• About this exercise:
All entries are to be copied verbatim, while the pictures stay out.

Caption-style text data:
════════
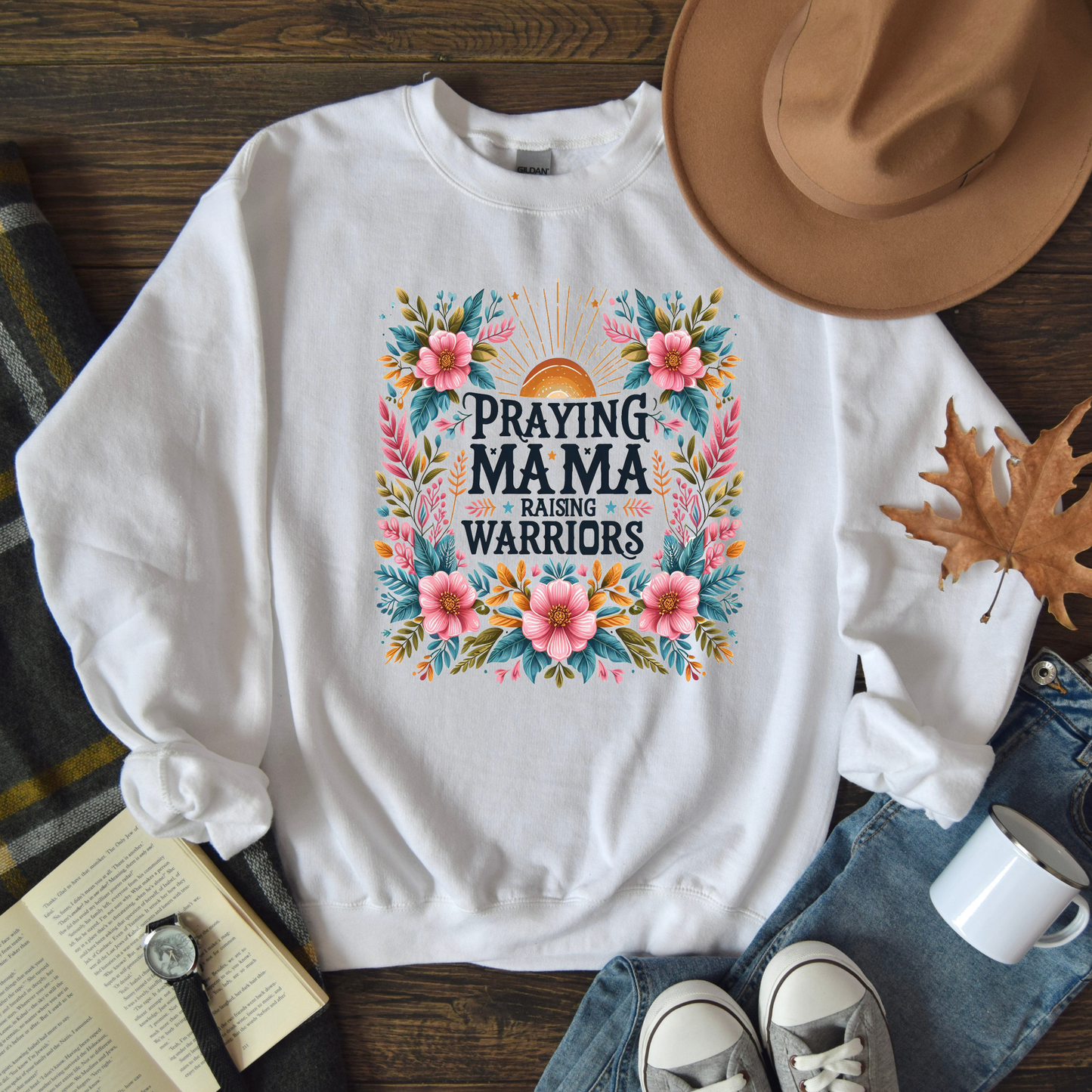 Sweater "Praying Mama Raising Warriors" con Diseño Floral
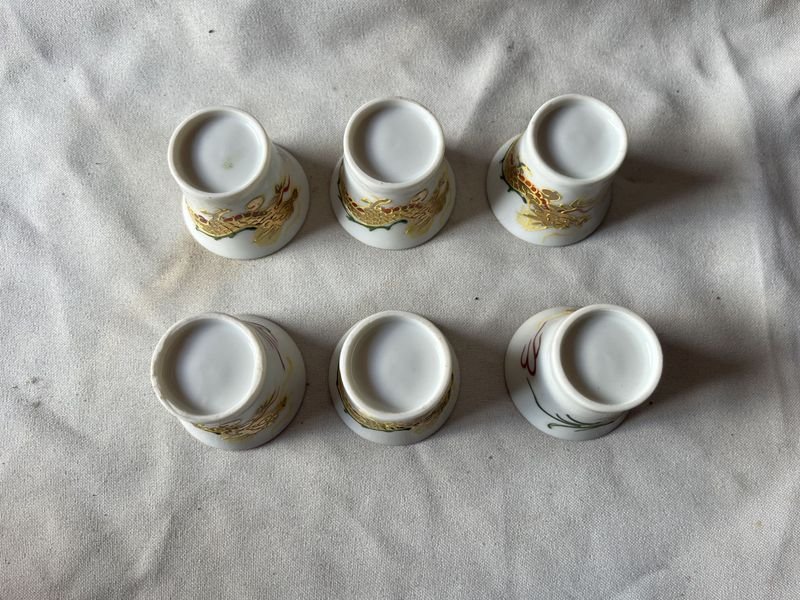 Vasos de porcelana con diseño de sake - imagen 3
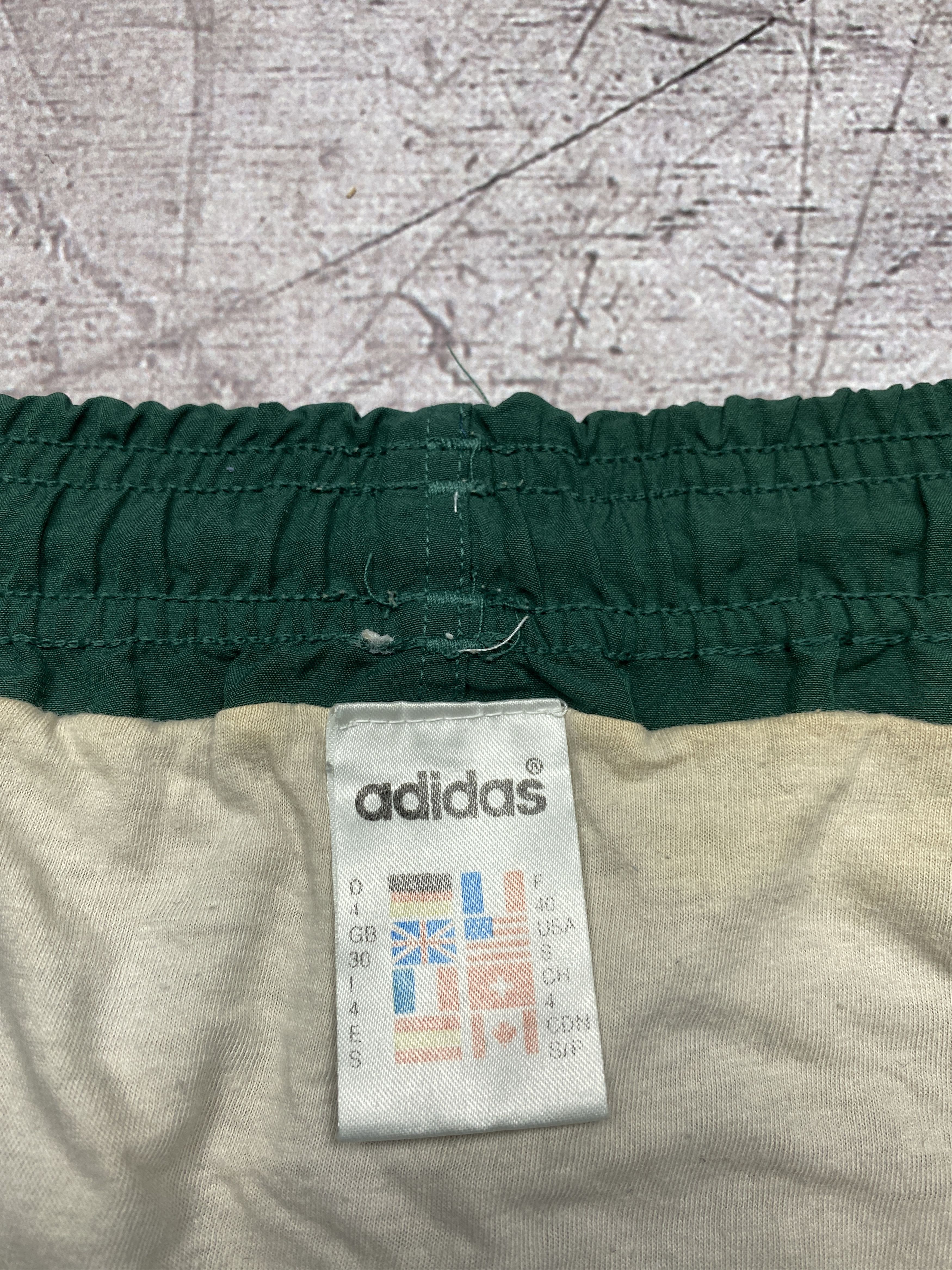 Adidas Adidas Vintage Mens Nylon Shorts Size US 30 / EU 46 - 5 Thumbnail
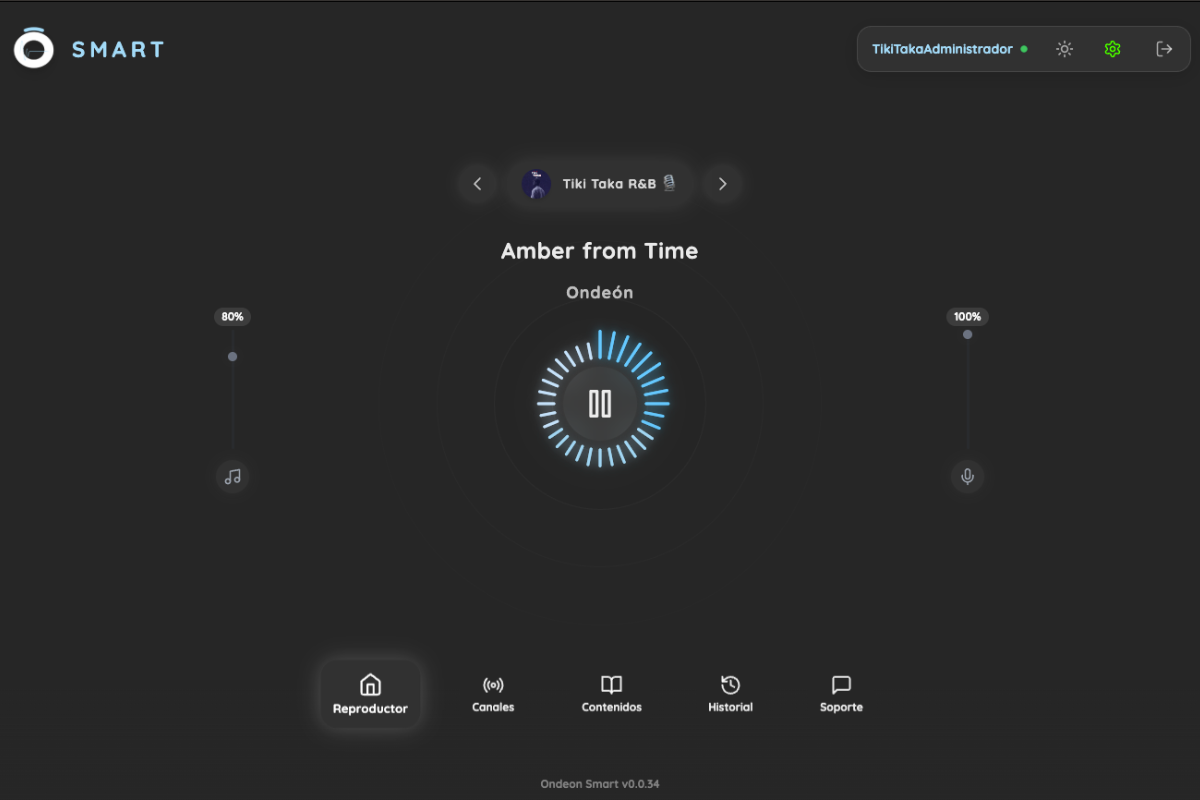 Interfaz del reproductor Ondeón Smart con canal musical y controles de reproducción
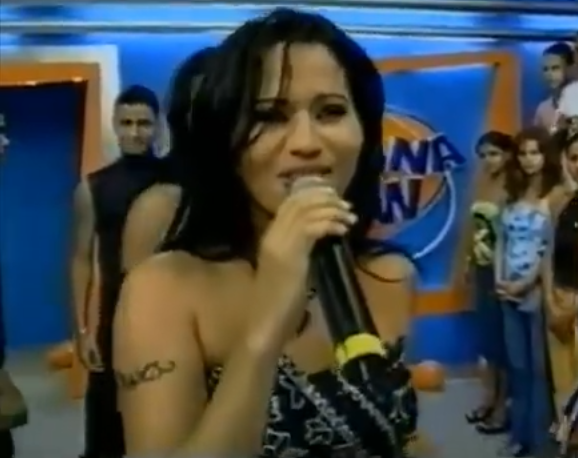 Ivanira Melo de Souza (Dani) em apresentação com a Banda Metade, no programa 'Tribuna Show'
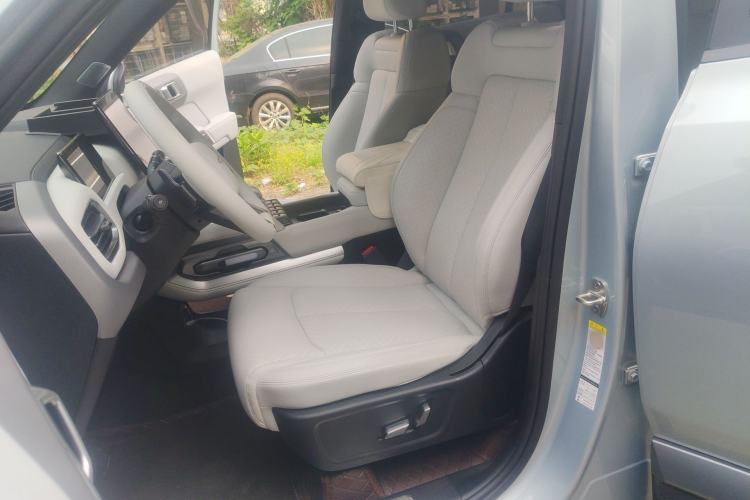 Used Formula Leopard Titanium 3 2025 501KM All-Wheel Drive Intelligent Driving Ultra Version
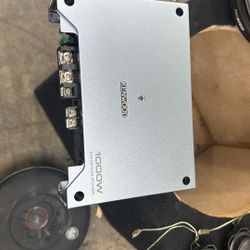 Kenwood Amp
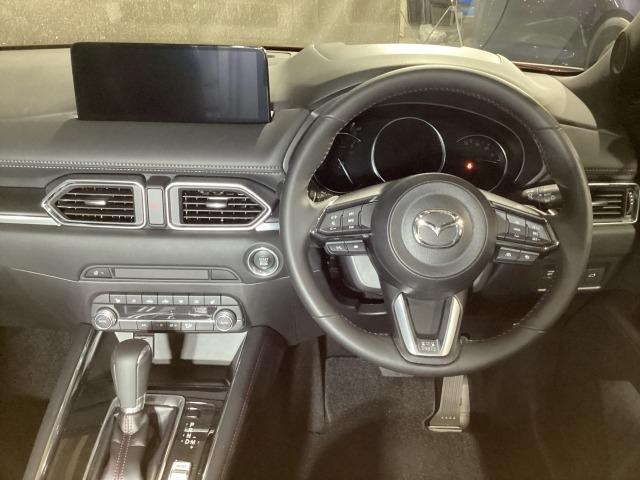 CX-5 2.5 25S スポーツ アピアランス 追従走行 DSC 地デジ 本革 LEDヘッドライト ETC車載器 TV Pシート BTオーディオ オートエアコン ドライブレコーダー Pセンサー アドバンスドキー オートライト 記録簿 シートヒーター(2枚目)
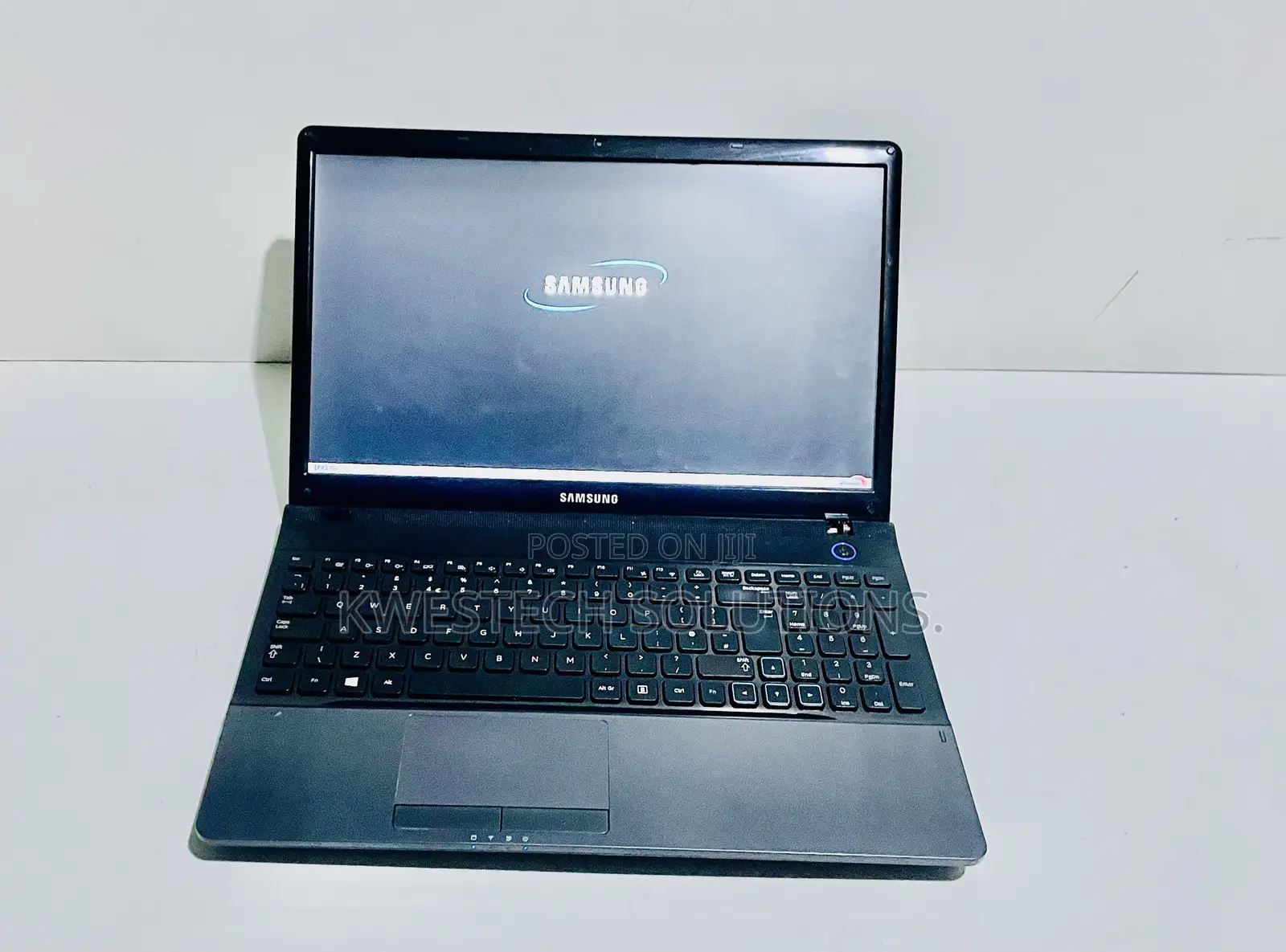 Laptop Samsung Galaxy Book3 Pro 360 16" 4GB Intel Core i5 HDD 160GB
════════
• Answer box:
 Sweater "Praying Mama Raising Warriors" con Diseño Floral
 Vasos de porcelana con diseño de sake - imagen 3
 Adidas Adidas Vintage Mens Nylon Shorts Size US 30 / EU 46 - 5 Thumbnail
 Interfaz del reproductor Ondeón Smart con canal musical y controles de reproducción
 Ivanira Melo de Souza (Dani) em apresentação com a Banda Metade, no programa 'Tribuna Show'
 Used Formula Leopard Titanium 3 2025 501KM All-Wheel Drive Intelligent Driving Ultra Version
 Kenwood Amp
 CX-5 2.5 25S スポーツ アピアランス 追従走行 DSC 地デジ 本革 LEDヘッドライト ETC車載器 TV Pシート BTオーディオ オートエアコン ドライブレコーダー Pセンサー アドバンスドキー オートライト 記録簿 シートヒーター(2枚目)
 Laptop Samsung Galaxy Book3 Pro 360 16" 4GB Intel Core i5 HDD 160GB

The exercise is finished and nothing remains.